I got a crash when i trainning with this code.
I got a crash when I trainned with this code. Maybe something wrong that I did. Did anyone also get this problem? Thanks!
crash position: File "FastSpeech2_Ming\model\modules.py", line 126, in forward x = x + pitch_embedding RuntimeError: The size of tensor a (48) must match the size of tensor b (57) at non-singleton dimension 1
where x.shape = torch.Size([80, 48, 256]), and pitch_embedding.shape = torch.Size([80, 57, 256])
What dataset are you using? You should check your MFA process and make sure you got the right TextGrid files.
hello I have the same problem I use biaobei PhoneLabeling/0000X.interval change it as 0000X.TextGrid Then I run train.py show a problem x = x + pitch_embedding RuntimeError: The size of tensor a (52) must match the size of tensor b (56) at non-singleton dimension 1
hello I have the same problem I use biaobei PhoneLabeling/0000X.interval change it as 0000X.TextGrid Then I run train.py show a problem x = x + pitch_embedding RuntimeError: The size of tensor a (52) must match the size of tensor b (56) at non-singleton dimension 1
Do not use the interval files from Biaobei. I believe some alignments from Biaobei dataset are not correct.

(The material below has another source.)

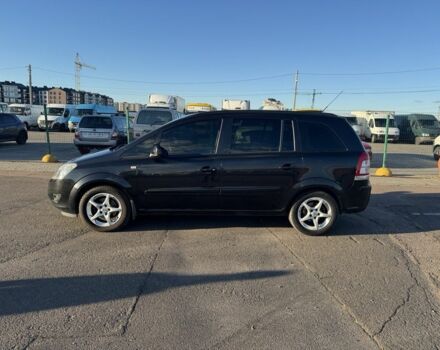 Чорний Опель Зафіра, об'ємом двигуна 0 л та пробігом 175 тис. км за 5437 $, фото 6 на Automoto.ua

You should use MFA to generate TextGrid files.
hello I have the same problem I use biaobei PhoneLabeling/0000X.interval change it as 0000X.TextGrid Then I run train.py show a problem x = x + pitch_embedding RuntimeError: The size of tensor a (52) must match the size of tensor b (56) at non-singleton dimension 1
I think that text_to_sequence function like the picture cause the problem
some text like 'er' can not be index so pitch(51)>text(49)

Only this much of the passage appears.